■ Assigned task: Exactly as written, retype the lines that run from the line holding "Dětské zvětšovací inline brusle vel. 30-33" through the end of the records below. Do not include pictures.

(Information provided)

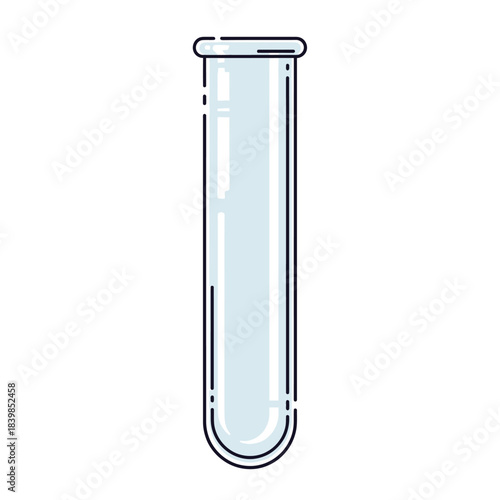 laboratory test tubes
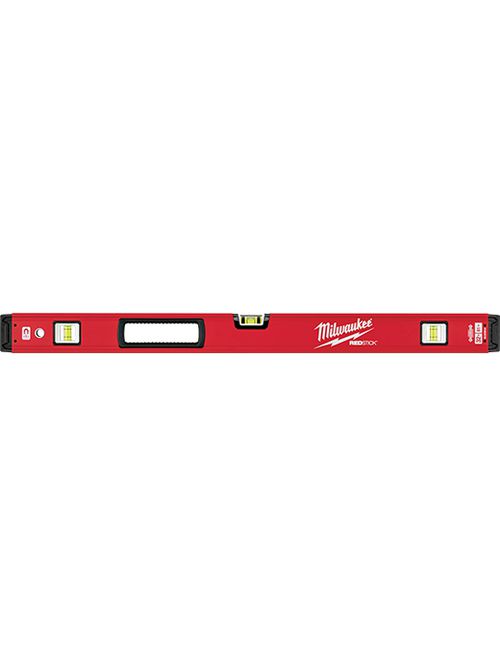 Product image for Milwaukee MLBXM32 32" REDSTICK™ Magnetic Box Level
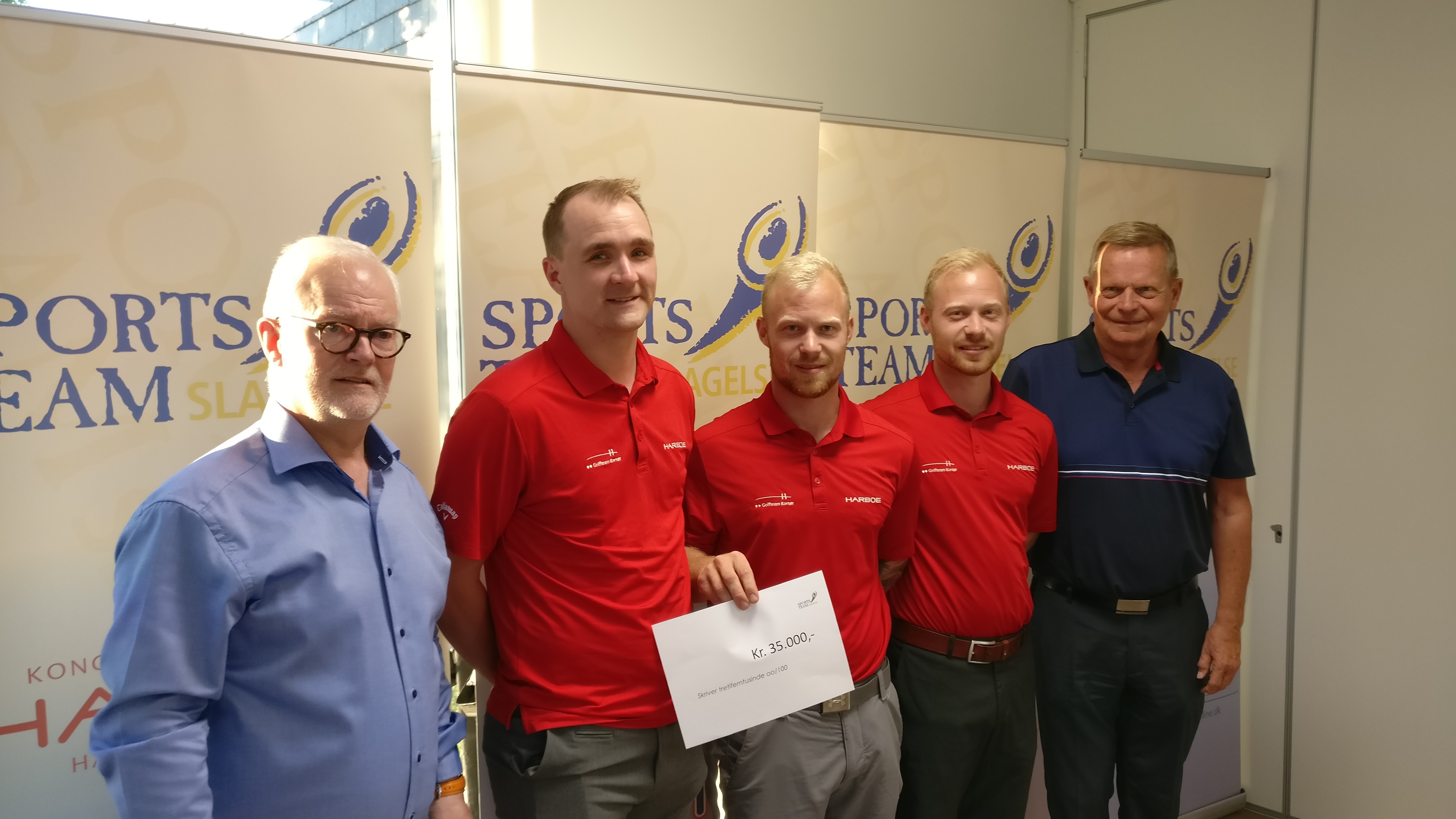 Sports Team Slagelses generalforsamling og støtteoverrækkelse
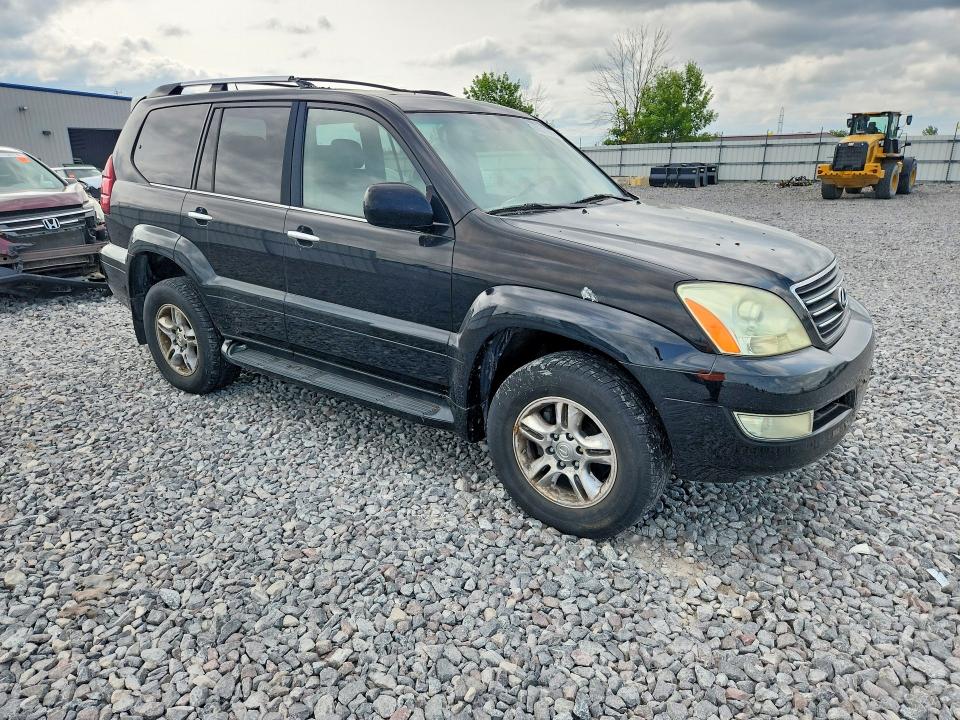 Aukcja sprzedaży 2008 Lexus Gx, vin: JTJBT20X980167586, numer aukcji: 61517946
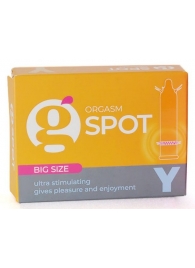 Стимулирующая насадка G-Spot Y Big size - Sitabella - купить с доставкой в Долгопрудном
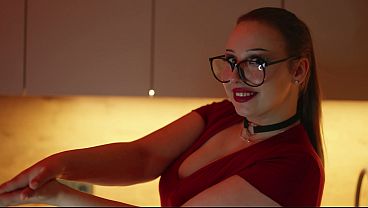 Facefucking Goth bitch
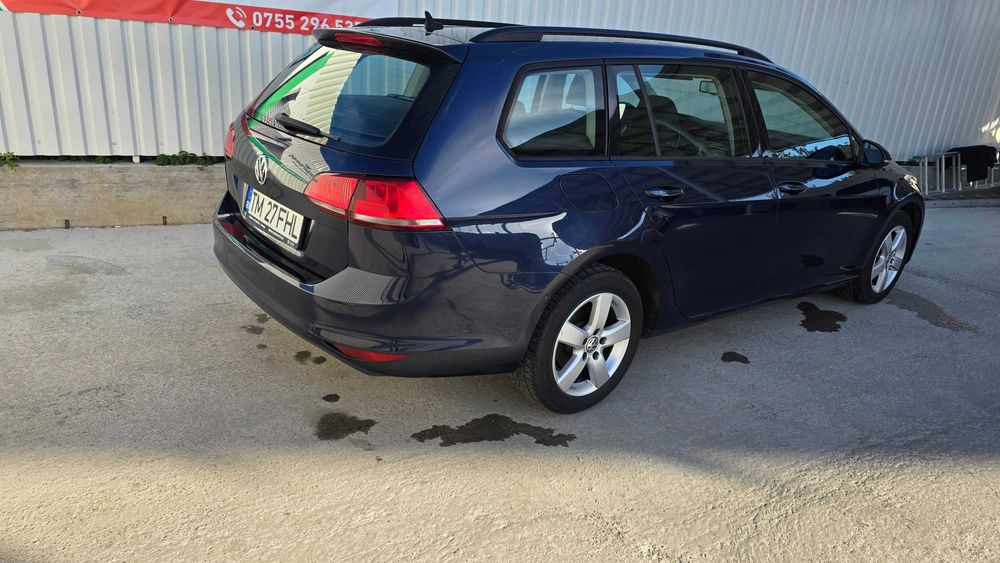 Vw golf 7  1.6tdi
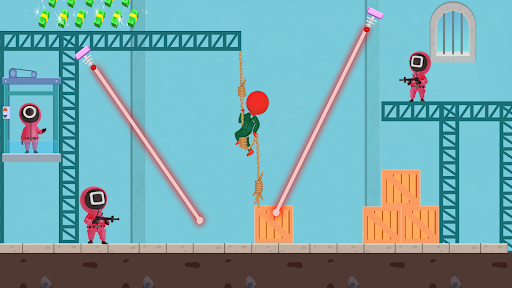 Stickman Escape 3D - Adventure - Image screenshot of android app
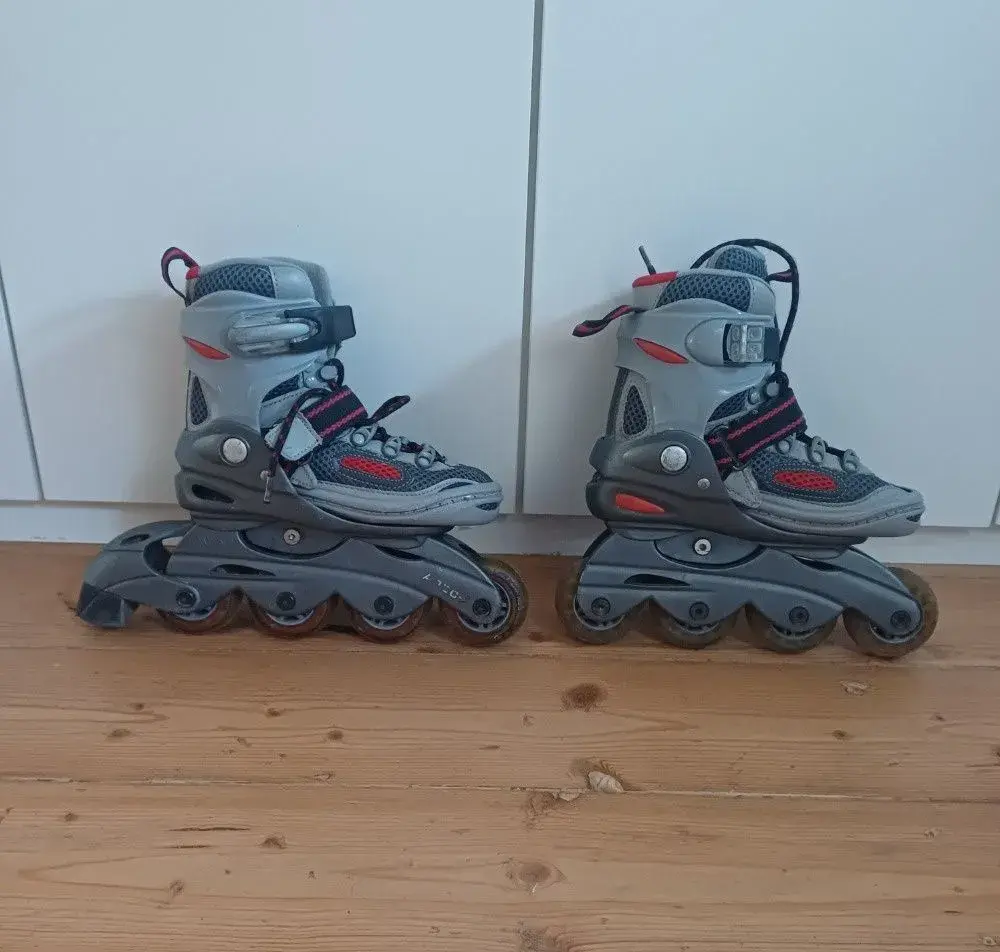 Dětské zvětšovací inline brusle vel. 30-33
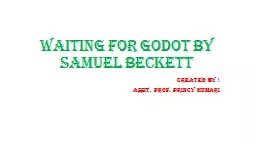 Waiting for godot by samuel beckett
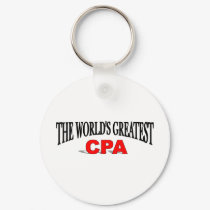 The World's Greatest CPA keychains by theworldsgreatest The World's Greatest CPA keychains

(End Information provided)

■ Exercise response:
 Dětské zvětšovací inline brusle vel. 30-33
 Waiting for godot by samuel beckett
 The World's Greatest CPA keychains by theworldsgreatest The World's Greatest CPA keychains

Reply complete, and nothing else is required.